WHAT IS REQUIRED:
The answer is an exact repeat of the entries below, with the pictures omitted.

RECORDS TO PROCESS:
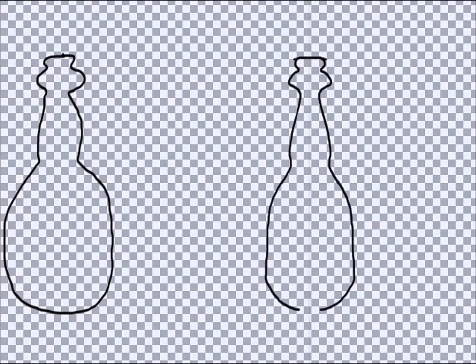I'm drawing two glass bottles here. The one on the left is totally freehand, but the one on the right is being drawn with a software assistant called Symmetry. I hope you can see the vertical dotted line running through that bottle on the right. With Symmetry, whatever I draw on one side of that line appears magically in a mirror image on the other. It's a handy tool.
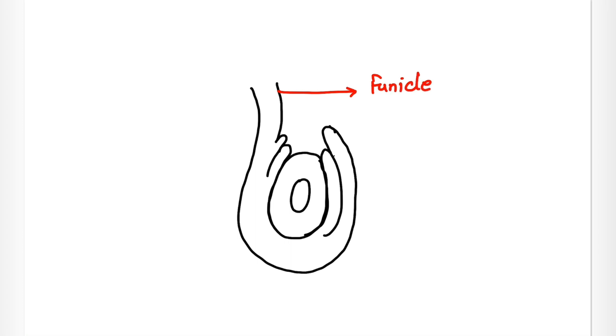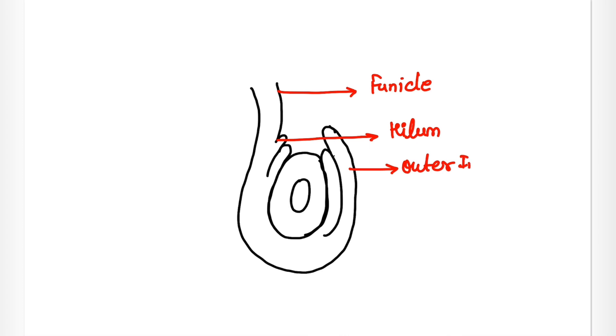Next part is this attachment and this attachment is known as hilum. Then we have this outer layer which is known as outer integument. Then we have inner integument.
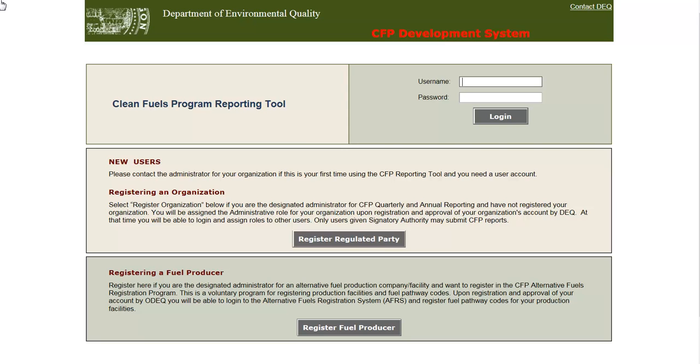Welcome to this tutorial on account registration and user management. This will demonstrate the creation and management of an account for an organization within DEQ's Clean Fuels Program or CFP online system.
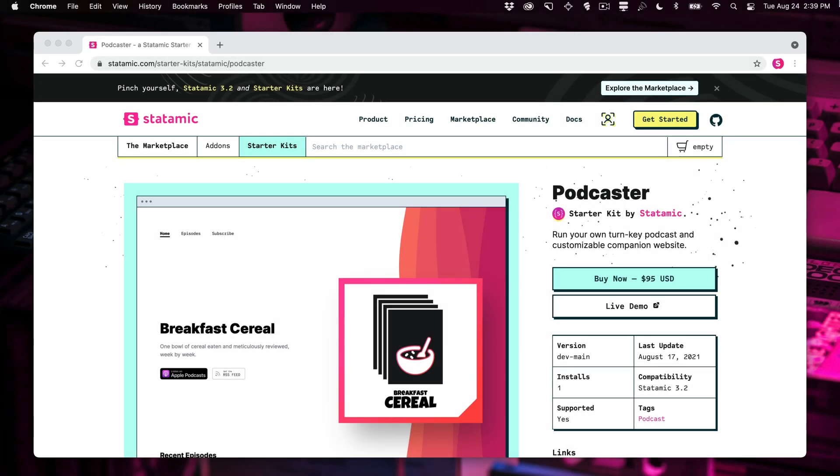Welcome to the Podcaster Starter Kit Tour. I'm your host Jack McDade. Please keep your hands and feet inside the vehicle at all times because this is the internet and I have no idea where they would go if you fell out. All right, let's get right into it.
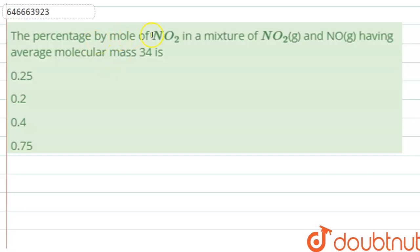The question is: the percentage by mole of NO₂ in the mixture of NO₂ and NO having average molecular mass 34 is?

TASK RESULT:
I'm drawing two glass bottles here. The one on the left is totally freehand, but the one on the right is being drawn with a software assistant called Symmetry. I hope you can see the vertical dotted line running through that bottle on the right. With Symmetry, whatever I draw on one side of that line appears magically in a mirror image on the other. It's a handy tool.
Next part is this attachment and this attachment is known as hilum. Then we have this outer layer which is known as outer integument. Then we have inner integument.
Welcome to this tutorial on account registration and user management. This will demonstrate the creation and management of an account for an organization within DEQ's Clean Fuels Program or CFP online system.
Welcome to the Podcaster Starter Kit Tour. I'm your host Jack McDade. Please keep your hands and feet inside the vehicle at all times because this is the internet and I have no idea where they would go if you fell out. All right, let's get right into it.
The question is: the percentage by mole of NO₂ in the mixture of NO₂ and NO having average molecular mass 34 is?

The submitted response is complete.